I'm in the process of configuring Apache and Tomcat to run on separate servers and using mod_jk to connect the 2. The plan is to have the Apache server sit in the DMZ and have any servlet/JSP requests forwarede to Tomcat behind our inner firewall. I've never setup this type of configuration before, but I realize it is a standard security practice. I do however, have a few questions about how HTTP traffic will flow in this configuration.
My understanding: HTTP requests coming in from clients on the Intenet will always hit the Apache Web server and never our application server (i.e. Tomcat). Any requests to Tomcat will be forwarded from Apache on port 8009 using the AJP13 protocol.
My question is, how does the HTTP response get back to the client? Does the client see the response as coming from the Apache server or the Tomcat server? When I browse the Apache Web server and hit a JSP or servlet, the URL location in my browser changes to the Tomcat server. To me, that implies that the response came from Tomcat directly. This would mean we would have to allow traffic from Tomcat server behind the inner firewall out to clients on the internet.
Would enabling load balancing in the mod_jk connector help? We only plan on running single Tomcat instance on the backend, but I could setup load balancing with a single worker.
your apache webserver is connected with mod_jk2 to the tomcat application server. when a client asks for a jsp on the internet, this request goes to the apache webserver. if you configured it well, it sees that's it is a jsp (or a servlet) and forward it to the tomcat application server. He does the processing and sent the response back to the apache webserver that returns it to the client, so no connection/traffic between client on the internet and your application server (e.g. tomcat).

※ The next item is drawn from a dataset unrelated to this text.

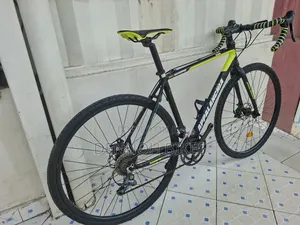 Appalanchia Gravel Bike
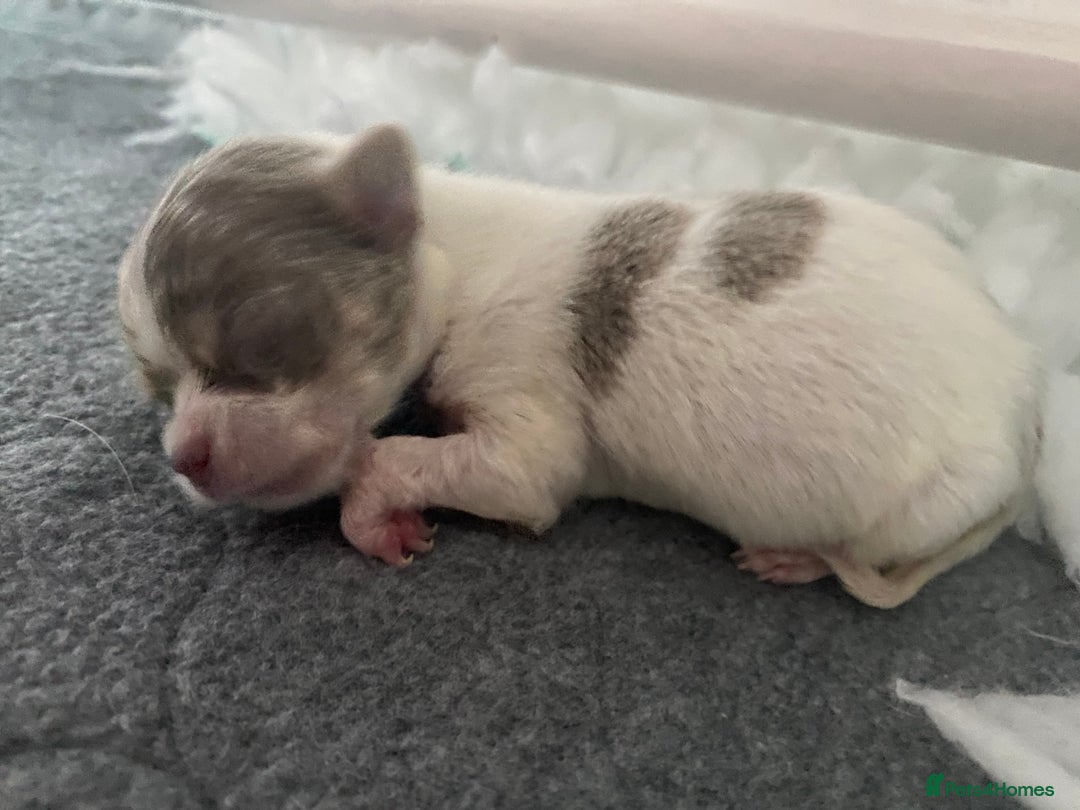Chihuahua dogs for sale: Exquisite KC Registered Apple Chihuahua Puppies 💖 - Image 5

Eric, As Roel indicated the mod_jk or mod_jk2 shared library/dll sits on the Apache side and forwards any requests that it is configured for to Tomcat. This might be something like *.jsp or, perhaps, an entire web application like /mywebapp. Apache simple funnels the reponse from Tomcat back to the browser. At no time is the browser ever directly connected to Tomcat.
Virtual hosting works basically the same way. You can configure each virtual host in Apache and, optionally, have some of the virtual hosts have a Tomcat component and others not. Indeed, I have Apache forward different web apps for different virtual hosts. Not all of my virtual hosts have a need for Tomcat so I have fewer virtual hosts defined in Tomcat than in Apache.